PROVIDED RECORDS:
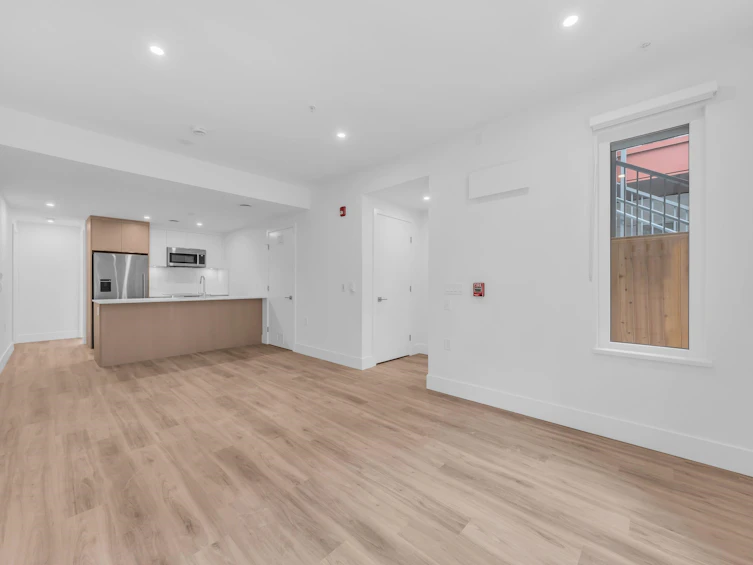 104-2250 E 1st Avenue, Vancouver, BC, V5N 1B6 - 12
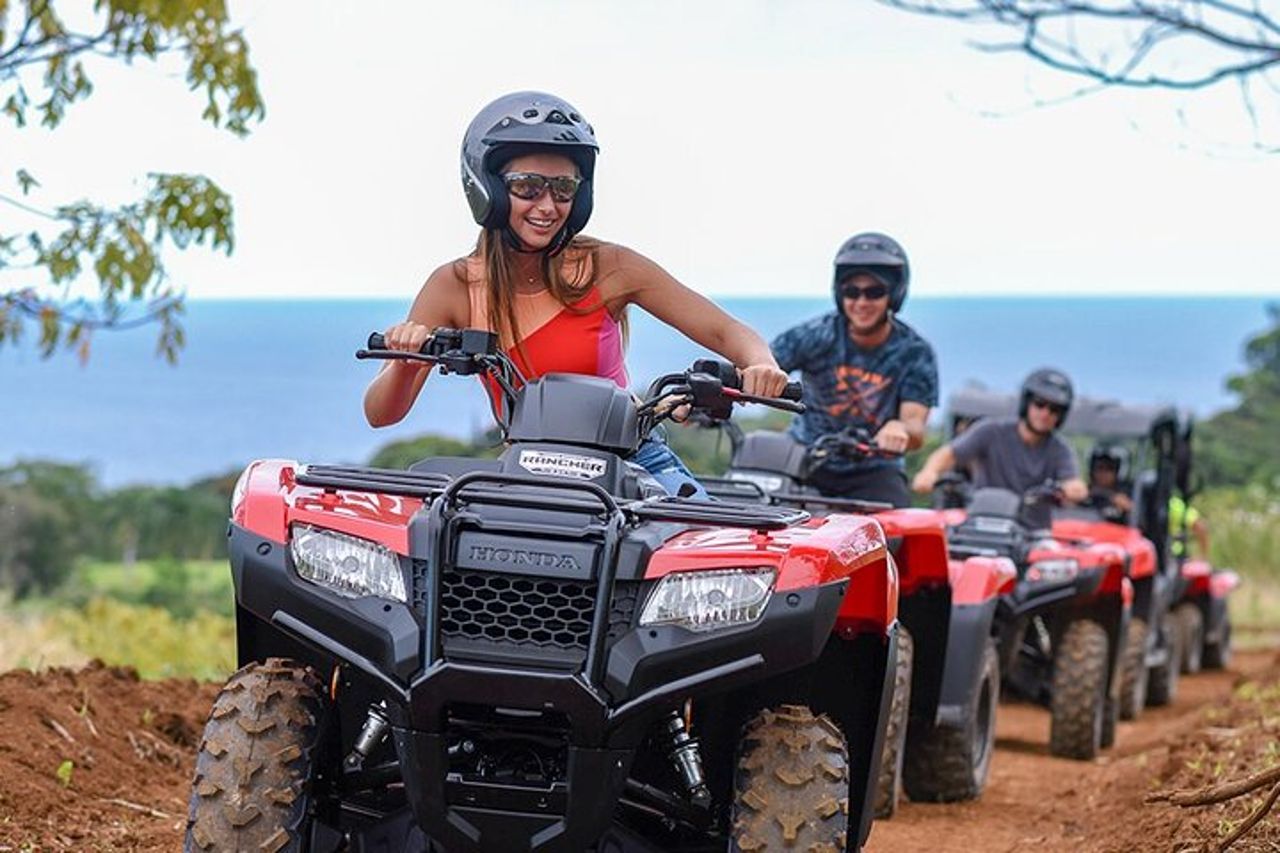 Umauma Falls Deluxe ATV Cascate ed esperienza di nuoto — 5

==

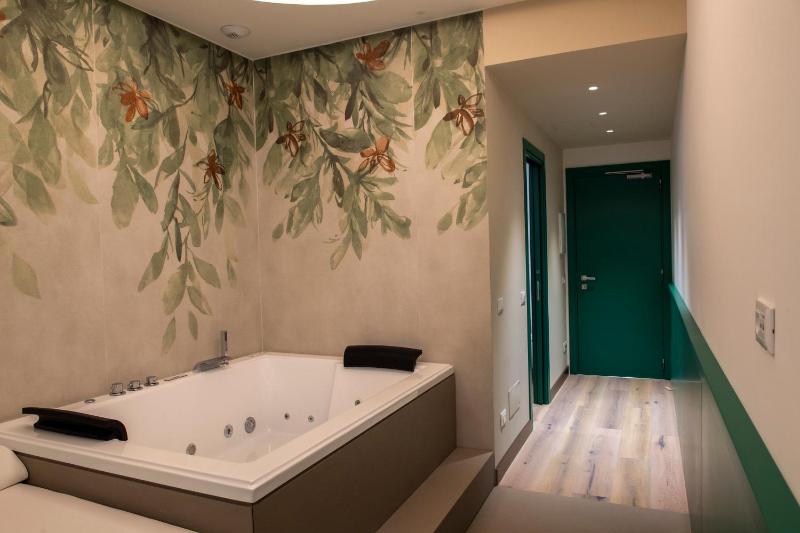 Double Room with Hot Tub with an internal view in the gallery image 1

ACTION ITEM: Using the records above, return verbatim only the part that opens with the line containing "104-2250 E 1st" and closes with the line containing "Umauma Falls Deluxe"; pictures stay out.

SOLUTION:
 104-2250 E 1st Avenue, Vancouver, BC, V5N 1B6 - 12
 Umauma Falls Deluxe ATV Cascate ed esperienza di nuoto — 5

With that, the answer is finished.